Kazakhstan: State-backed mortgages produce winners and losers
Subsidized loans are helping some families become homeowners, while driving property prices out of reach for others.
To judge by official statistics, Kazakhstan has kicked its mortgage problem.
For decades, the country’s banks have been creaking under the sheer weight of badly performing loans taken out by aspiring homeowners. Recent data shows a more upbeat picture.
If the rate of delinquency in the national mortgage portfolio amounted to more than 10 percent in 2014, this has since dropped to less than a single percentage point.
Those numbers tell the story of a nation where stable and predictable household incomes have made missing monthly repayments mostly a thing of the past. But for people like Yerkezhan Seyitkazina, a social media manager in Almaty, that picture is annoyingly misleading.

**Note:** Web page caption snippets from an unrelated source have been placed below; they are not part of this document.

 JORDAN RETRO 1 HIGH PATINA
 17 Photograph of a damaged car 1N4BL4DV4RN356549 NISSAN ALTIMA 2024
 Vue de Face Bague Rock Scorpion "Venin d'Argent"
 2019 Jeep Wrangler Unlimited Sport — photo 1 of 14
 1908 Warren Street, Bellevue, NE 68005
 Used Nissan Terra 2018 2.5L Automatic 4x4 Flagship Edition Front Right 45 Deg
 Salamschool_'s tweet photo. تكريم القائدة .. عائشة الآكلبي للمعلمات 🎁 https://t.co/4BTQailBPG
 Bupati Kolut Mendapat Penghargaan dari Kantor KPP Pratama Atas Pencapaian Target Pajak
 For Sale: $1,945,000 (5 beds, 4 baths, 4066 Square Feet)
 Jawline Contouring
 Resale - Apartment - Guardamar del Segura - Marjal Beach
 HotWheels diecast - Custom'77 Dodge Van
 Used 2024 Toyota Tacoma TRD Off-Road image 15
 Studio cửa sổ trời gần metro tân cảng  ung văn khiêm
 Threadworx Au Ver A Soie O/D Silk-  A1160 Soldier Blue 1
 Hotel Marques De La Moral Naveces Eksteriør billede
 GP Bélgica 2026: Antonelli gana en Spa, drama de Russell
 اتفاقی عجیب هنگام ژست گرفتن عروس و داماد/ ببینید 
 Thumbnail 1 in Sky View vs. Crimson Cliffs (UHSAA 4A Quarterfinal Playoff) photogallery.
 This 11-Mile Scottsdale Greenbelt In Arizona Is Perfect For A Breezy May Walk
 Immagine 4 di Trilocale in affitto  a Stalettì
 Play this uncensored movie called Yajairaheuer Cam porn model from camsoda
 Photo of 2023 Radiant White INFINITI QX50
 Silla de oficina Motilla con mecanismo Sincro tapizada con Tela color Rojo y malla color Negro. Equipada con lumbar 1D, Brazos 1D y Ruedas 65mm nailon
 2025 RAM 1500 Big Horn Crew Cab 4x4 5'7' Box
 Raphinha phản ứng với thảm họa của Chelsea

“These statistics are just as false as the supposedly swelling average salaries. Where do these figures come from?” Seyitkazina told Eurasianet. “With the sky-high prices there are for property now, how can you buy and pay off [debts] regularly?”
When it comes to mortgages, Kazakhstan is a victim of its own success.
In its drive to make housing more affordable to the most hard-up, the government has rolled out a series of preferential mortgage programs.
Loans on the open market are a crippling proposition. A standard mortgage comes with an interest rate of anywhere up to 20 percent.
Those eligible for government-subsidized loans, meanwhile, get far easier terms. One initiative tailor-made for young families, for example, provides for loans of up to 100 million tenge ($215,000) repayable at rates of 6 percent.
Those programs have come with a sting in the tail: a surge in property prices.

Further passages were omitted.